Dioden  Deze pagina afdrukken

Een diode kun je vergelijken met een eenrichtingsweg. De stroom kan er maar op 1 manier doorheen. Wat de stroomrichting is, kun je zien aan de streep op de diode. In figuur 2 zie je het symbool van een diode. De pijl geeft de stroomrichting aan en de streep in het symbool zit aan dezelfde kant als de streep op een echte diode, zoals in figuur 1 is te zien. Er zijn twee soorten dioden, siliciumdioden, en germaniumdioden. Het grote verschil is dat siliciumdioden pas geleiden (ook in de stroom richting) als er 0,6 V of meer op staat, terwijl dat bij een germaniumdiode al bij 0,2 V het geval is.

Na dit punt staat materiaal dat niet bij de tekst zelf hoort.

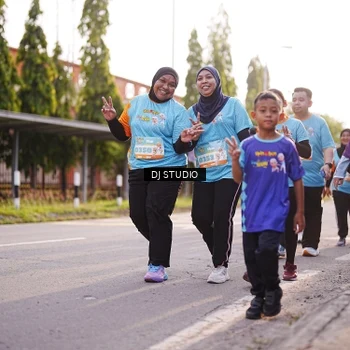 Runner Photo 8381205
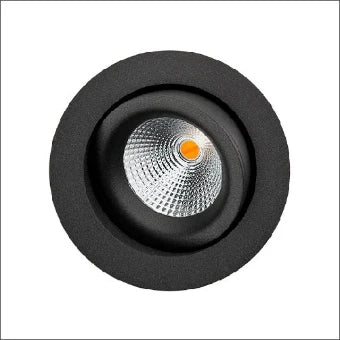 SGLIGHTING 901233 Downlight/Spot/Strahler 54 mm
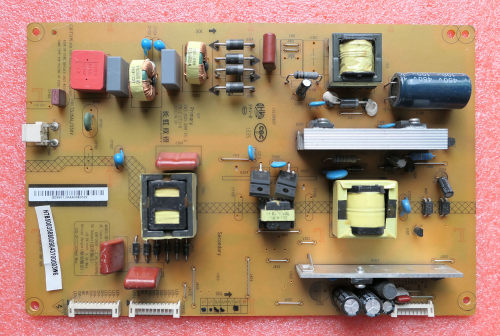 长虹液晶电视机主板HSL35D-1MD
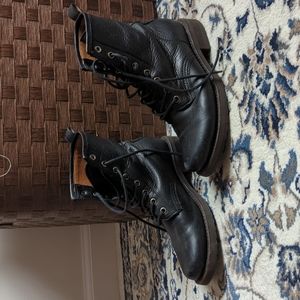 Frye Veronica boots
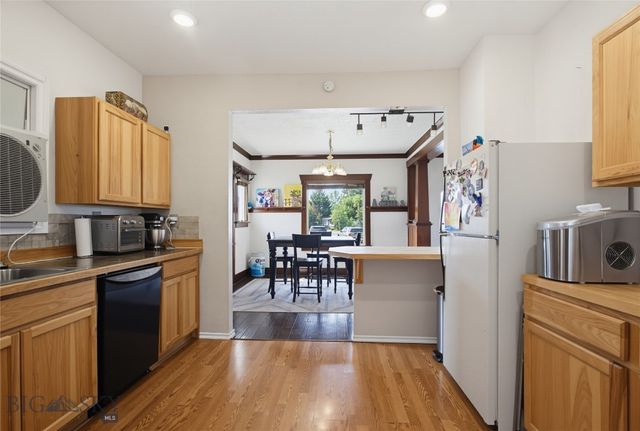 3010 Farragut, Butte, MT 59701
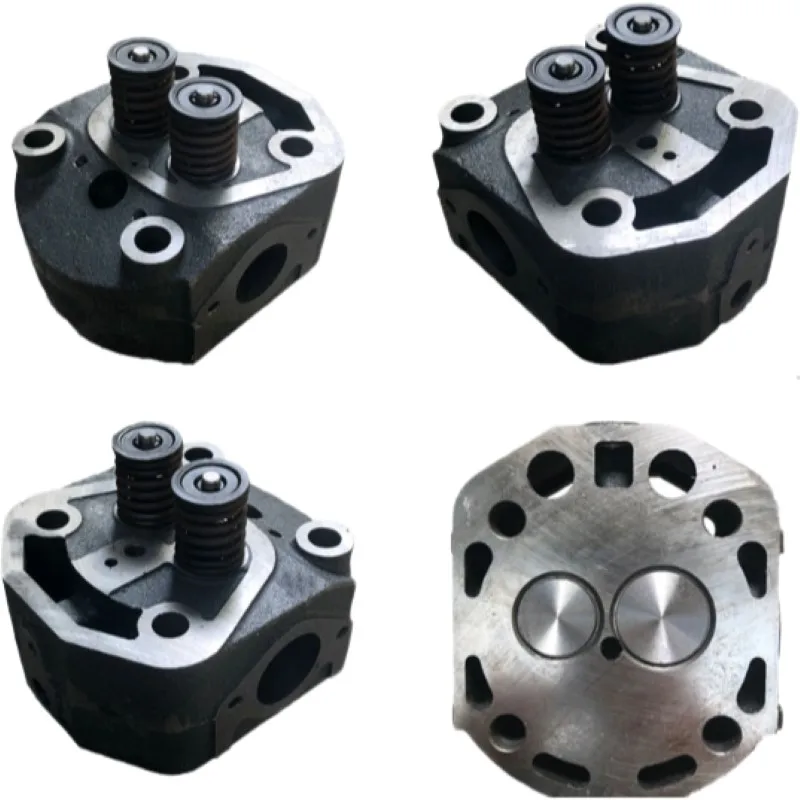 cabeca de cilindro assy com valvulas 01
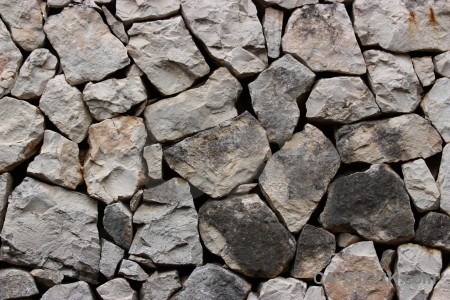 Stone texture gray.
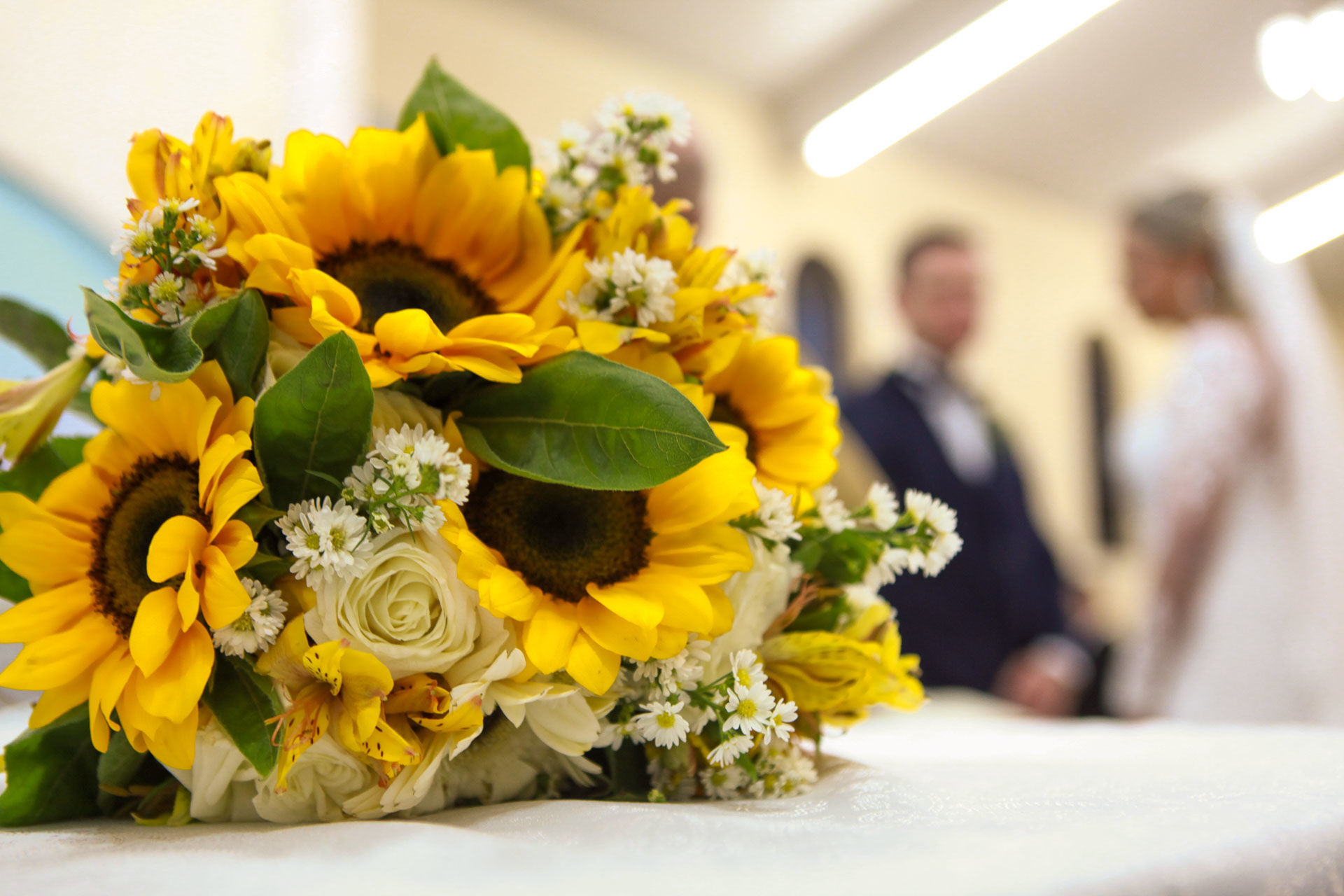 Foto Espaços Para Casamento - Imagem 72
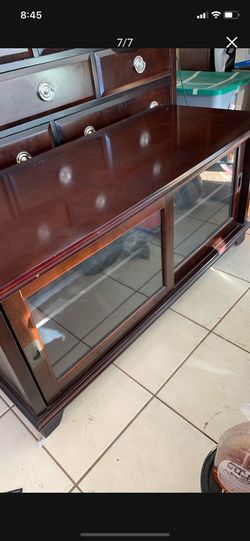TV Stand D Venta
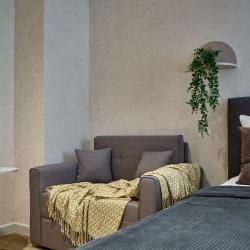 2-местные апартаменты студия Grand Palace 626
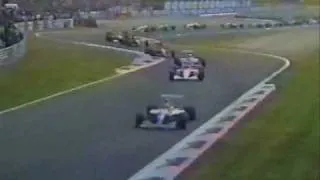 1991 Italian GP (Part 1/5)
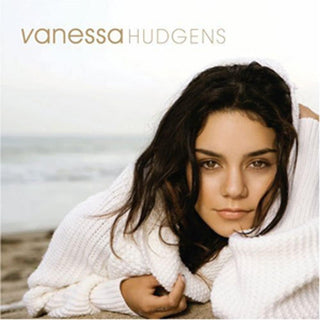 Vaness Hudgens- V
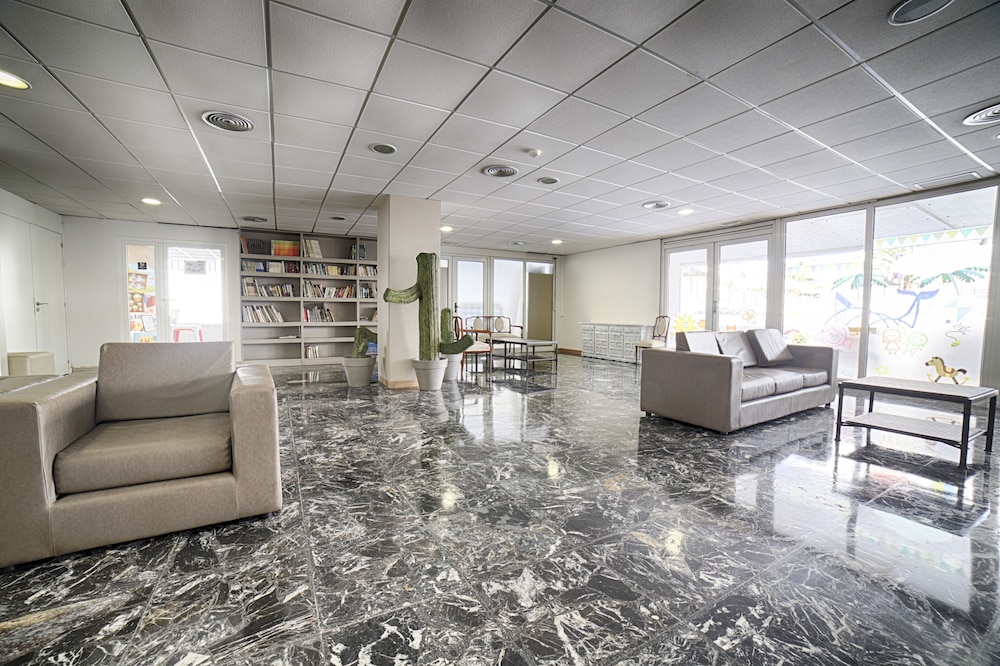 Ohtels Villa Dorada 30/50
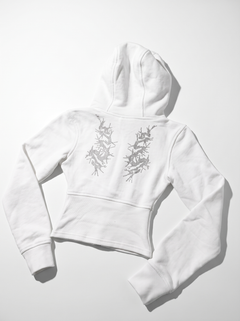 JellyGirly™ Downtown Rivet Hoodie
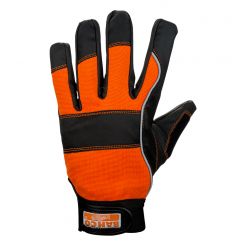 Manusi de uz general Bahco GL008-10, cu pad absordant
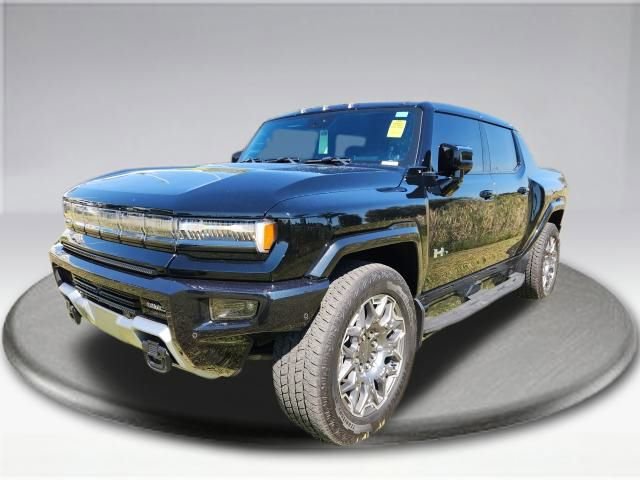 Used 2024 GMC Hummer EV 3X image 18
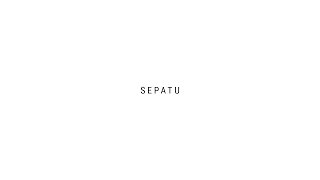 TULUS - Sepatu (Official Audio)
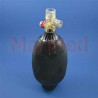 Beatmungsbeutel Weinmann, Combi-Bag mit 2 Volumen (100-500 ml/ 500-1200 ml)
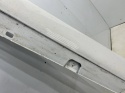Listwa progowa Mercedes w213 s213 E-klasa 16-23r. sedan kombi LEWA nakładka progowa progu zewnętrzna lewy próg a2136908304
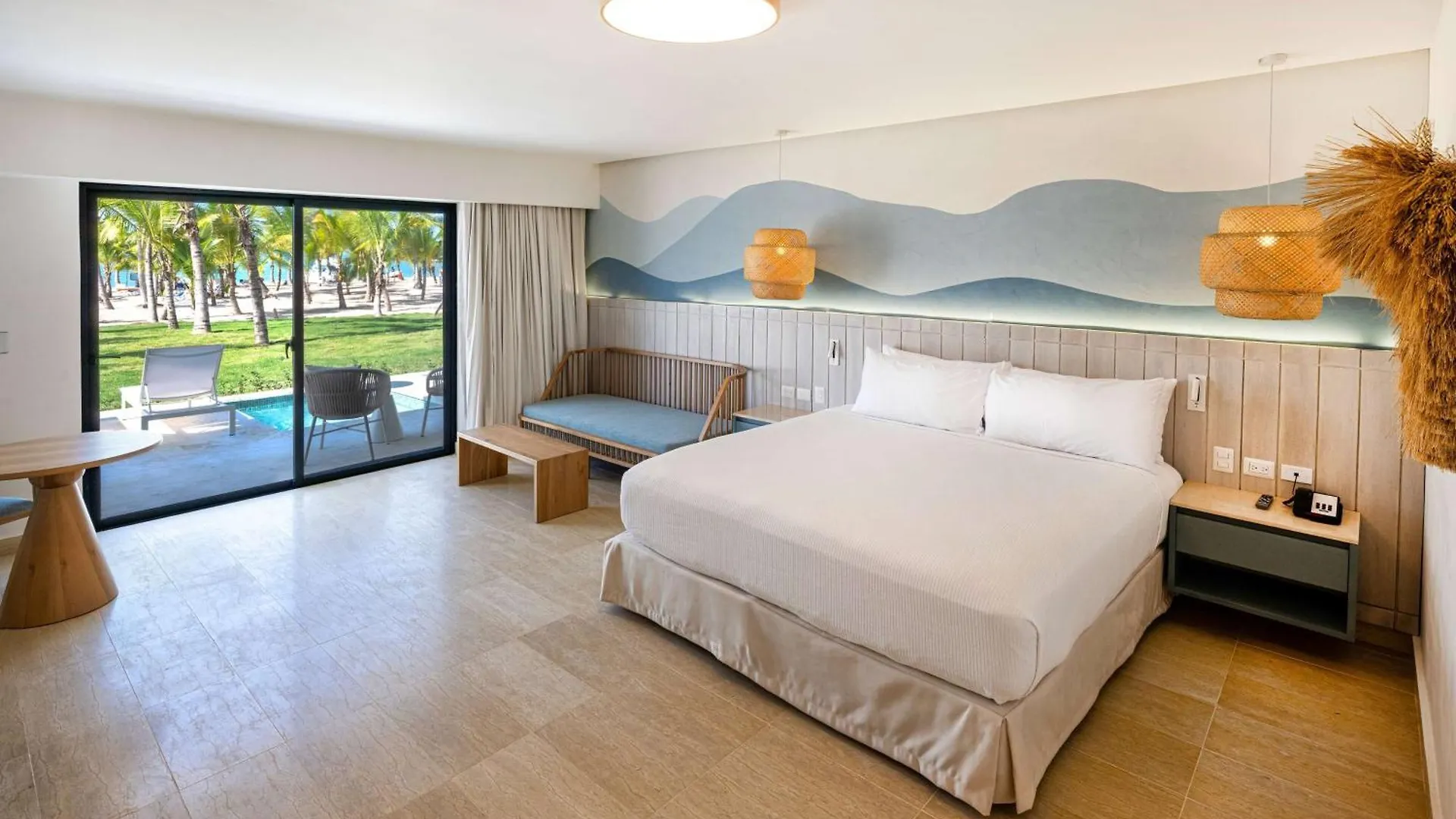 Viva Miches By Wyndham, A Trademark All Inclusive Resort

Een siliciumdiode heeft echter een veel lagere weerstand. Diodes worden gebruikt om stroom in de goede richting te leiden, maar ook nog voor veel meer toepassingen.

Zo kun je bijvoorbeeld wisselstroom in gelijkstroom veranderen. Dit doe je door vier diodes in een bepaalde volgorde aan elkaar te schakelen, in figuur 4 zien we hoe. Zo'n ding heet een gelijkrichter, door wisselspanning op de twee rode punten te zetten staat er op op de plus en de min gelijkspanning. De spanning blijft echter nog steeds golven, door een condensator toe te voegen kan ook dit worden opgelost. Samen met een transformator vormt dit een simpele voeding, zoals die is terug te vinden in allerlei elektronische apparaten.


Zenerdiode
Elke diode lekt (laat een klein beetje stroom door) in de sperrichting, maar als er meer dan ongeveer 60 volt op komt te staan laat de diode alle stroom door, en gaat hij meestal ook kapot. Van dit effect wordt gebruik gemaakt bij zenerdiodes. Bij zenerdiodes ligt de drempel veel lager, en gaat de diode er niet stuk van. Zenerdiodes worden veel gebruikt bij voedingen om de spanning constant te houden. In figuur 3 is een schema van een zenerdiode te zien.

We zien in het uiterstlinker voorbeeld dat de ingangsspanning wisselt en de uitgangsspanning steeds hetzelfde blijft d.m.v. de 4 diodes die samen een bruggelijkrichter vormen.